Web3 Gateway to Capital Markets
Designed a tokenized RWA trading platform – web dashboard, mobile app, and design system.
SoloTex is a tokenized real world asset (RWA) trading platform, a dashboard-first product where users hold and trade tokenized stocks, ETFs, and stablecoins together. It bridges two worlds: the compliance-grade trust of traditional finance, and the permissionless energy of Web3.
Most RWA platforms in this space built strong tokenization infrastructure but offered little consumer-facing UX. SoloTex is building the consumer product that makes tokenized assets feel as natural as checking your stocks.
I joined a two-person design team mid-project to own the responsive web app design, mobile app, and co-manage the design system alongside the lead designer. My task was to make sure the design matched the ambition.
Problem
How might we make tokenized investing feel as familiar as checking your stock portfolio?
Status
Pre-launch. 5,000+ users on the waitlist.
Role
UX & Product Designer
Timeline
3 months (Jul - Sep 2025)
Live site

Impact & value
The problem
The hardest thing about designing an RWA platform isn't the complexity. It's the credibility gap.
We are targeting two types of users. The crypto-native user is comfortable with wallets and volatility, but skeptical of Wall Street. The traditional investor understands stocks and ETFs, but thinks crypto is a casino. Neither starts with trust.
Both come with different mental models of what "investing" means. The product has to earn both, without compromising for either.
This isn't just positioning. It's a design problem. Every screen has to answer one question: Does a crypto trader and a stock investor both feel like this product is made for them?
Proccess

Step 1: Auditing what existed (Week 1)
The lead designer had completed the core web app. I audited the visual language, component library, and logic to extend.
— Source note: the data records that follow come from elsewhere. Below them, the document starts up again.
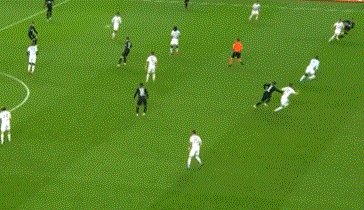 1634330962914014970.gif 开云体育下载-【法甲】姆巴佩传射造逆转 巴黎主场2比1胜昂热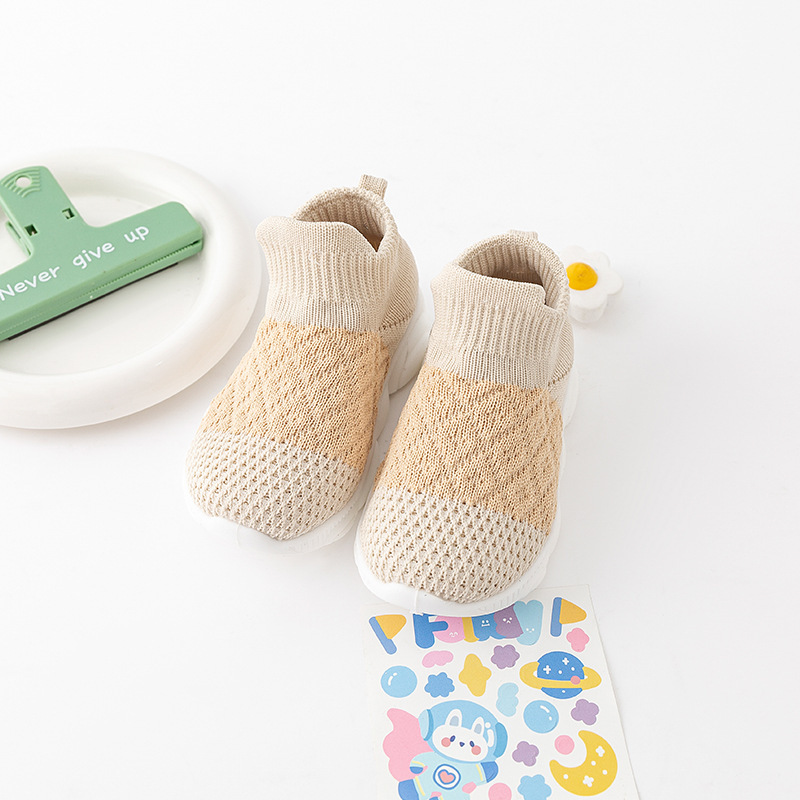 Zapatos para niños zapatos para bebés de mallas sólidas suela suave para bebés transpirables y cómodos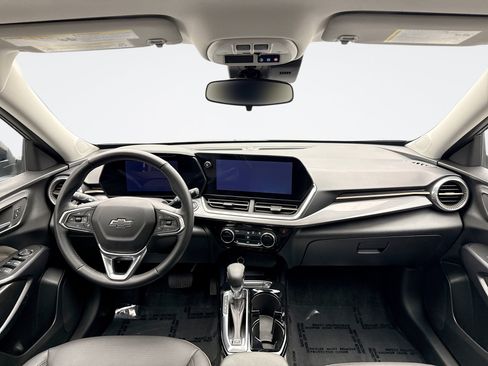 Used 2024 Chevrolet Trax ACTIV w/ Sunroof Package FWD image 14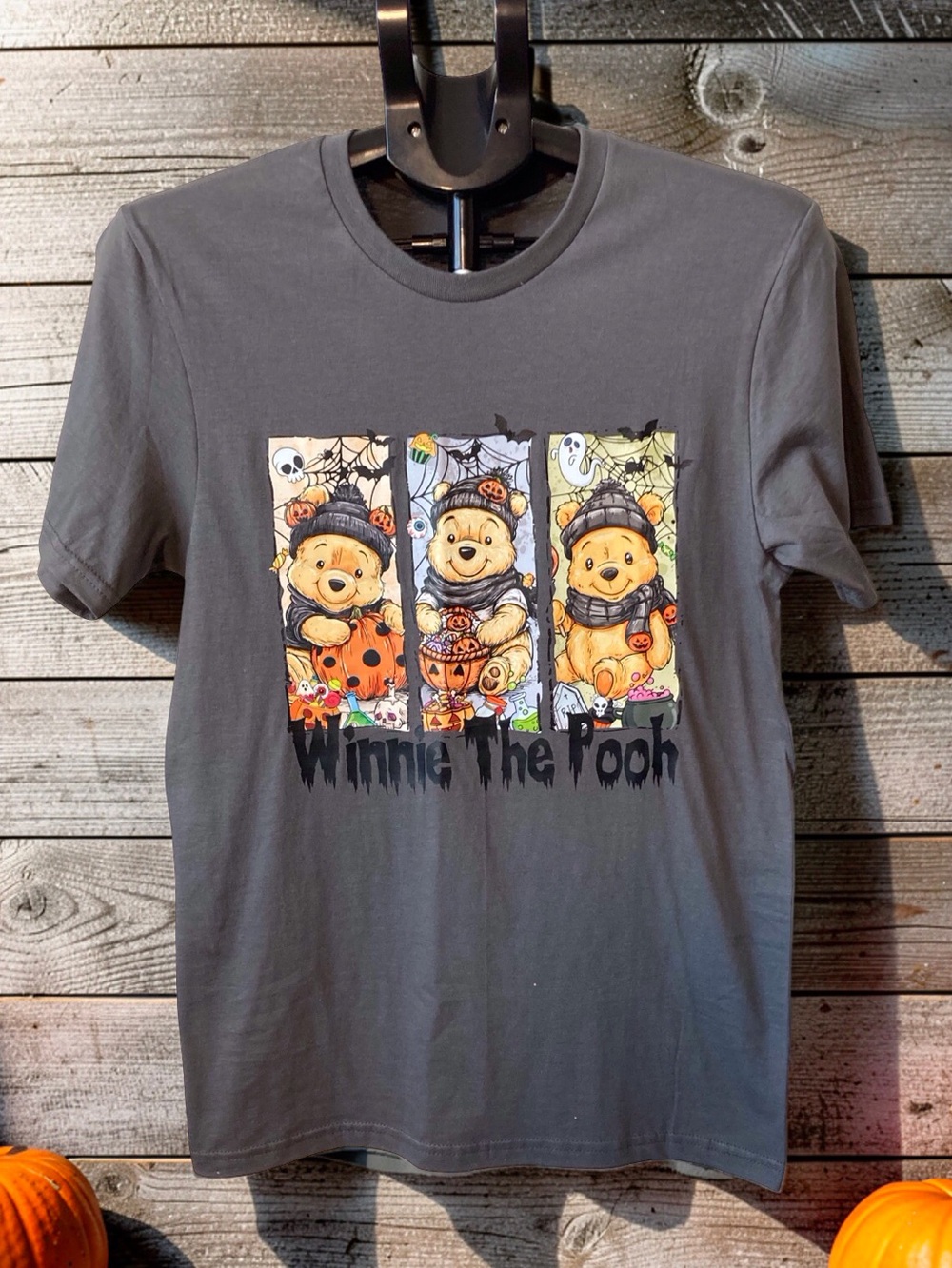Winnie the Pooh Halloween Graphic Tee Small Spooky Cute Gray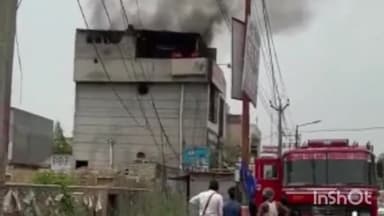 ਸ਼ਾਹਕੋਟ: ਨਕੋਦਰ ਵਿਖੇ ਈਸ਼ਵਰ ਕਿਚਨ ਰੈਸਟੋਰੈਂਟ ਦੀ ਉੱਪਰਲੀ ਮੰਜਿਲ 'ਤੇ ਲੱਗੀ ਭਿਆਨਕ ਅੱਗ, ਕਰੀਬ ਡੇਢ ਲੱਖ ਰੁਪਏ ਦਾ ਹੋਇਆ ਨੁਕਸਾਨ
Step 2: Responsive web app dashboard design (Week 1-2)
I adapted the web app design across breakpoints while preserving the data-dense feel financial dashboards require.

Step 3: Mobile app design (Week 2-6)
The lead designer and I designed mobile app together. Mobile lacked the browser back button, so I audited modal headers and multi-page flows for setting edits.
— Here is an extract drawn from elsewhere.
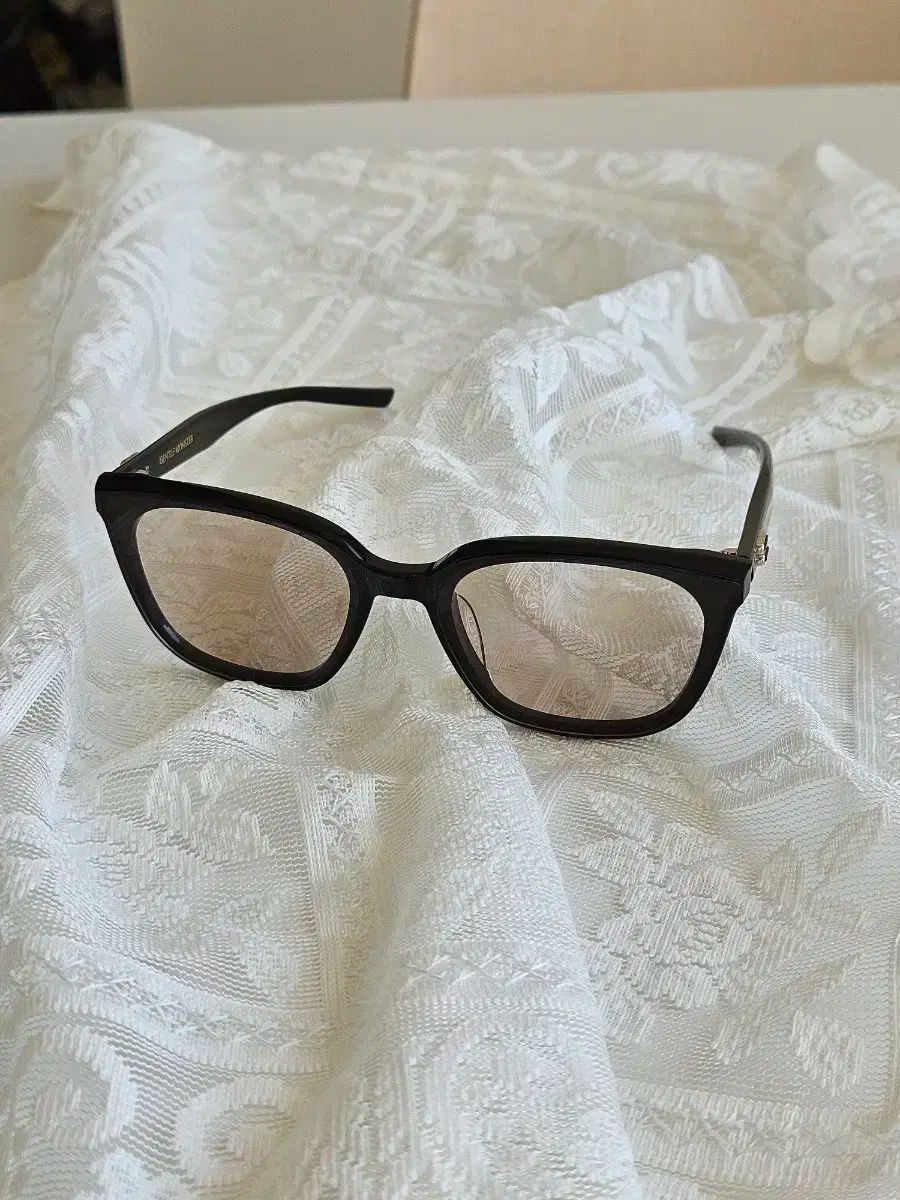 GENTLE MONSTER ジェントルモンスター Fino サングラス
Step 4: Onboarding design challenge (Week 4-6)
New users landed on an empty portfolio after registration. I studied how financial platforms handle empty states and redesigned a stepper native to the homepage that guides users through KYC, connect wallet, and fund account.

Step 5: Design system co-management (Week 6-9)
I co-managed the Figma design system with the lead designer. It had to work across light and dark themes without losing the premium feel
Reflection
Most design problems are about making something easier. RWA platform design is about making something believable. Users aren't just learning a new product. They're deciding if a new financial category is worth their trust. Every screen I designed was an argument for yes.
In a startup this fast, you make your best call and ship. I made the right calls for the context, but I'd push for usability testing on the mobile information hierarchy before launch. In financial products, instinct isn't data.
I'm happy with what we built in three months, and I'm genuinely curious to see what the data says when it launches.